Urinetown; an odd play to love


Ruby Kloh

A Picture Of The Cover Of The Program For Urinetown

Ruby Kloh, Reporter

Urinetown, what a musical! Within the first act you have fun songs and dances performed by our own highland students. Each song has so much meaning, just like the play. The musical goes deep into society, and our own personal views and thoughts on what is right. On one hand it talks about how one works for someone else’s dreams. How we pay someone else to live, for shelter, for food, for water.

There is a bit of a debate in the musical. To do what’s right to live, or to do what’s right to be happy. Is it happiness to be alive, and have one’s heart beating, or to do what one wants to.
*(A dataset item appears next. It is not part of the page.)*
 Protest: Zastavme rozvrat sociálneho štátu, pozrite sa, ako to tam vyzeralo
These aspects are represented in the right to pee, and in the drought. In the musical there has been quite the drought, and in order to preserve water you have to pay to use the restroom. In other words, “It’s a Privilege to Pee” as one of the songs goes.
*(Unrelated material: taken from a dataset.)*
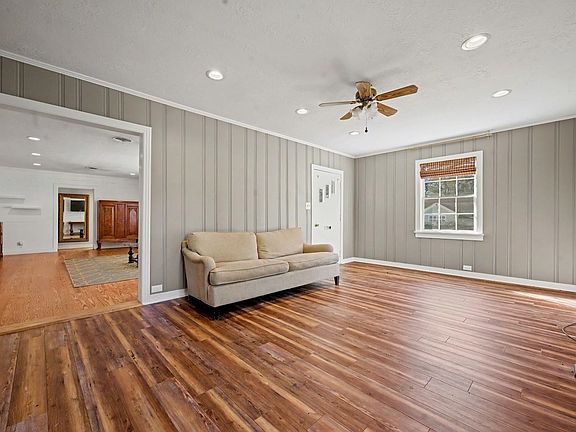5th image of 528 4th St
While you might say, why not just sneak it? It is illegal, if you are caught you get sent to the infamous Urinetown, of which you won’t know what it is until the final act, even though there are only two.

The hero of this story is Bobby Strong. When Bobby’s father can’t afford to use the restroom he goes right on the pavement, and is sent to Urinetown. Bobby is then conflicted on what he should do or should have done. He is them told be Hope Cladwell to follow his heart, and through song they fall in love. Hope is the daughter of Caldwell B Cladwell, the owner of Urine Good Company, which control the toilets. He sings a song about how if they want to live, another must go which you will learn more about. Bobby after being told by hope to follow his heart begins a revolution, and lets people use the restroom for free! Which once more is illegal.

To be surprise by its amazing ending see Urinetown Monday at seven-thirty in the evening, you will not be disappoint be the outcome. I loved, and I bet you will too!